Radzicz is a village in rural Gmina Sadki, within Nakło County, Kuyavian-Pomeranian Voivodeship, in north-central Poland.

==History==
The area formed part of Poland since the establishment of the state in the 10th century. Radzicz was a private village of Polish nobility, administratively located in the Nakło County in the Kalisz Voivodeship in the Greater Poland Province of the Kingdom of Poland. The village was annexed by Prussia in the late-18th-century Partitions of Poland, and was also part of Germany from 1871. Following World War I, Poland regained independence and control of the village.

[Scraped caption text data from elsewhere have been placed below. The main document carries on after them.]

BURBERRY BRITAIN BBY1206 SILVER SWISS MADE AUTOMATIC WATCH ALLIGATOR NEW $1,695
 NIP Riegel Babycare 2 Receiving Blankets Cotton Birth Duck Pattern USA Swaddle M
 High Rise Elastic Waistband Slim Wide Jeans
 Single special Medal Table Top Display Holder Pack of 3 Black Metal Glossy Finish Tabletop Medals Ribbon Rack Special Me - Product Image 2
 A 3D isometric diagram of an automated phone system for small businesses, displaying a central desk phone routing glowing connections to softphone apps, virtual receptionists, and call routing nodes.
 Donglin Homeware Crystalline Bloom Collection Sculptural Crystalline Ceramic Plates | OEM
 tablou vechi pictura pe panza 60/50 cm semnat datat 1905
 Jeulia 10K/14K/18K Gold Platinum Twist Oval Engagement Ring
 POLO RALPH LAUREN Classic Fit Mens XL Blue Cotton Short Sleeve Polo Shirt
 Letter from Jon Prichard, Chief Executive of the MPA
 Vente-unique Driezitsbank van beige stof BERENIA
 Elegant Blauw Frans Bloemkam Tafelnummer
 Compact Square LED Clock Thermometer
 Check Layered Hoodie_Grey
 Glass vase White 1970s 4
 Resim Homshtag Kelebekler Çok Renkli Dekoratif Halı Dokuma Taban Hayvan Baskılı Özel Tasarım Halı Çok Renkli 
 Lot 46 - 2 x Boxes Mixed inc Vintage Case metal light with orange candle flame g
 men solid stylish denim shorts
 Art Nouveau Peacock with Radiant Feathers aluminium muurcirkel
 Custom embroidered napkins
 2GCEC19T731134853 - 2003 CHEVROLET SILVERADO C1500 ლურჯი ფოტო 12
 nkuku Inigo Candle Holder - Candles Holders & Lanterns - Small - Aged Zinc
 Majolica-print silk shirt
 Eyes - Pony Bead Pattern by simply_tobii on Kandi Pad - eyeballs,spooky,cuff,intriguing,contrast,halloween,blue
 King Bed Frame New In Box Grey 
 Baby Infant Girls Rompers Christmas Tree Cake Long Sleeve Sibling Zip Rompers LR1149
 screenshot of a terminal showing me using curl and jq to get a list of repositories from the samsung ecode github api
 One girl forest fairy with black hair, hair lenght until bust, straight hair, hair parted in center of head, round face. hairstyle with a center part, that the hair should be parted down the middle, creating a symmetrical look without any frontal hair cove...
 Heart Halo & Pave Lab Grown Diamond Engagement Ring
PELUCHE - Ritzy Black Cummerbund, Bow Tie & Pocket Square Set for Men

During the German occupation of Poland (World War II), Radzicz was one of the sites of executions of Poles, carried out by the Germans in 1939 as part of the Intelligenzaktion. Poles from Radzicz were also among the victims of massacres of Poles perpetrated by the SS and Selbstschutz in the forest near Sadki in October and November 1939, also as part of the Intelligenzaktion.

From 1975 to 1998, Radzicz administratively belonged to Bydgoszcz Voivodeship, superseded by the Kuyavian-Pomeranian Voivodeship.